Is it my “formed family?” Is it the ‘unit’ I grew known as ‘daughter?’ (She and I both laugh at how weird it is to think that she grew inside me, like I was some sort of seed pod.)
Is it the longing for place? Is it Heimat, the German word for that longing? Have I ever really felt ‘at home’ or am I perpetually searching for it inside myself?
Why do I have to think so damn much? It ain’t easy being me. Is everything better in retrospect? Does this allow me to filter, to change the lense of remembering to a lense of something morphed, softened or hardened depending on my mood?
I can totally relate to Thoreou’s desire to “Walden It.” And then, I remember that I am scared of snakes.
I can relate to Georgia O’Keefe’s flee to the desert. And then I remember I am scared of…snakes.
I can absolutely plan a mental life by the ocean in some idyllic cottage with wind chimes, eclectic furnishings, with mysterious, totally reliable internet connection in this remote place.

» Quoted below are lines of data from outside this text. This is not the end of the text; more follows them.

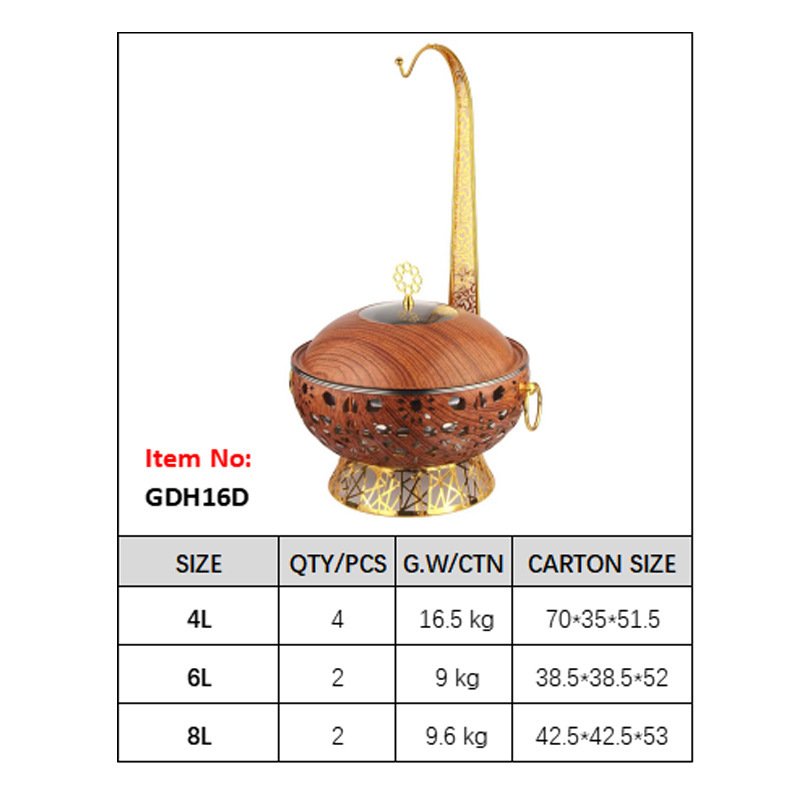 新款轻奢白色自助餐炉8L不锈钢吊炉户外聚餐酒精炉Chafing Dish|undefined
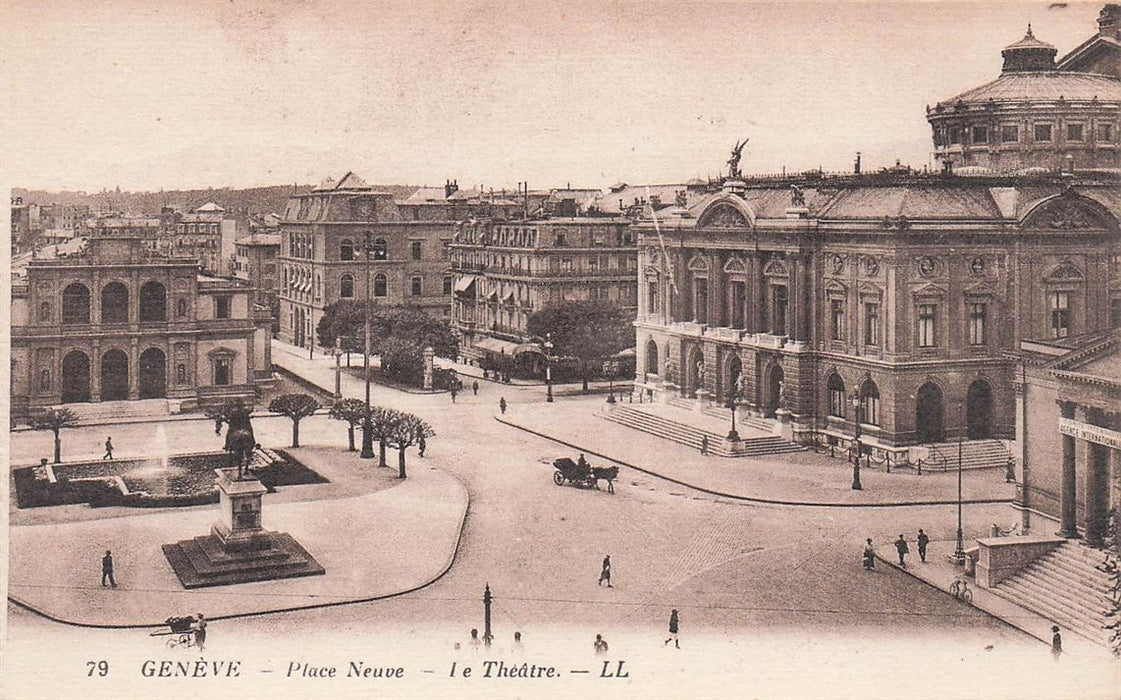 Geneve Place Neuve Le Theatre.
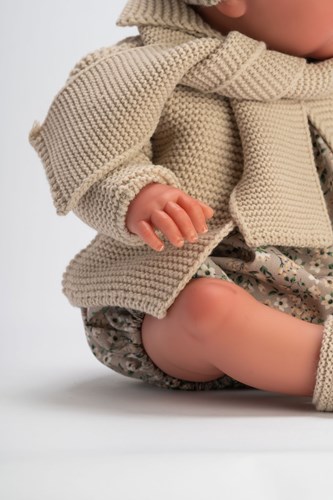 Asi Babypuppe Javier 46cm Reborn Limited Edition Puppe für Kinder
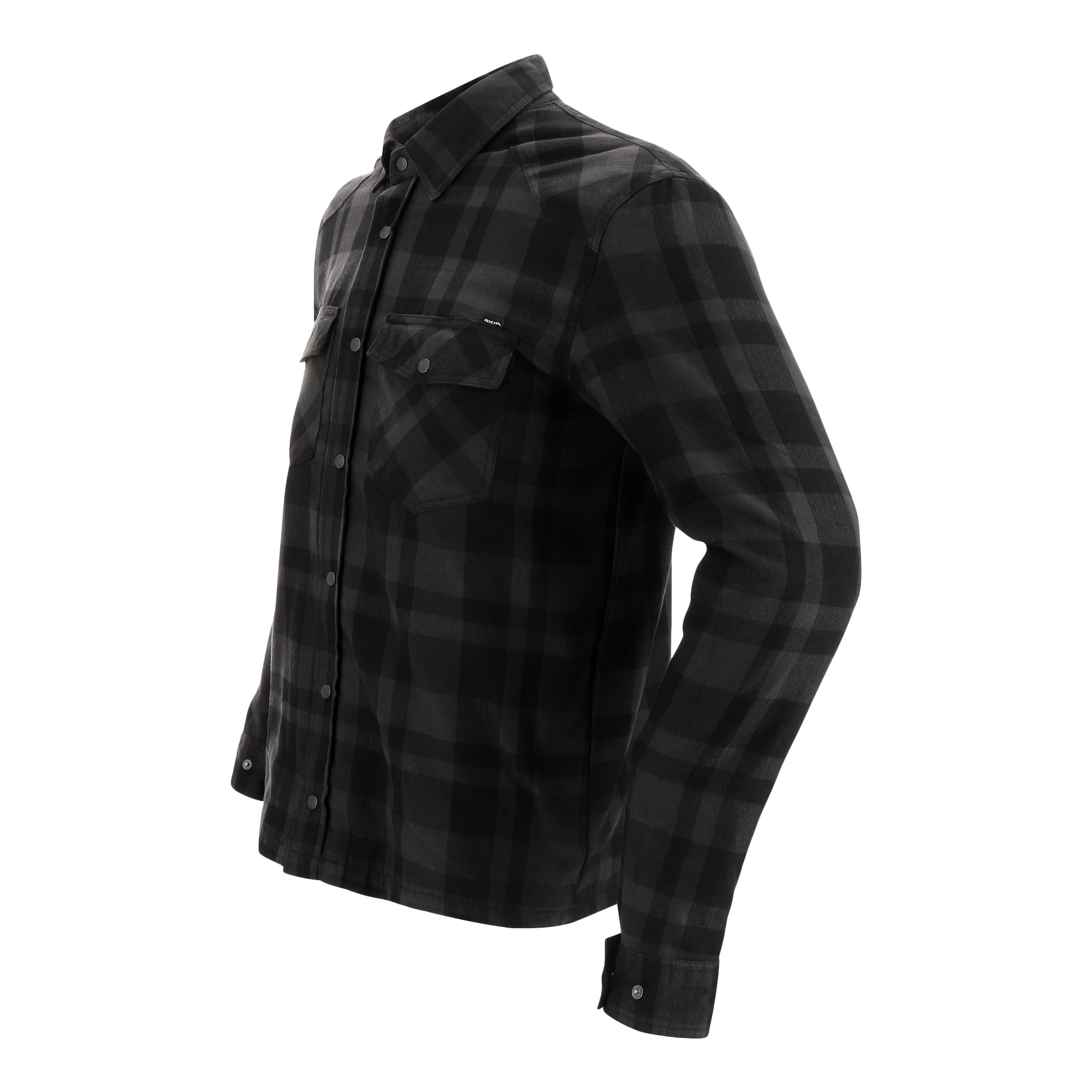 Richa-Forest Hemd schwarz/dunkelgrau L-0000905999042010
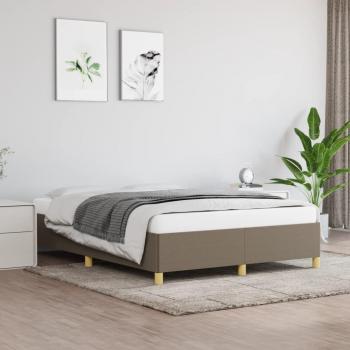 Cama solar sin colchón Tortor 140x190 cm en tela gris taupe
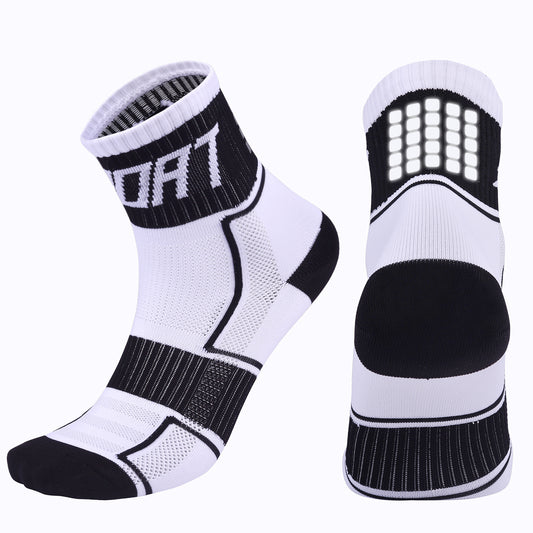 Reflective Cycling Running Socks, Breathable Bicycle Socks Night Safety Socks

And then I remember… my fear of sharks, floods and well, being alone.
I think I am destined to be forever a Mental Nomad. Yes, that fits. If there is ‘not such a thing’ there is now. “Mental Nomad”-add it to the new list of buzz words.
Where is ‘home’ for you? Thank you for reading. Rarely, do people answer my ending plea for their stories. Now that’s a whole other question for me for another day. Right now, I am going to go on a Mental Nomad Quest. Peace, Out.
Home, the physical space is on Homecoming Lane. Home, the mental space, is my heart and mind where I find joy and sadness, curiosity and intrigue. In the latter two, I can be transported to all those things that will lend to my mental exploration, and to wander to new territory, yet remain in my physical dwelling. My home base.
I like the question- thought provoking. One daughter lives nearby, the other on the opposite coast. Hard to have her so far from "home." I drive along roads that I've known all my life: who lived there, who crashed their car nearby, the time I went to a party. I know these places having passed them for decades. No map needed. That feels like home to me.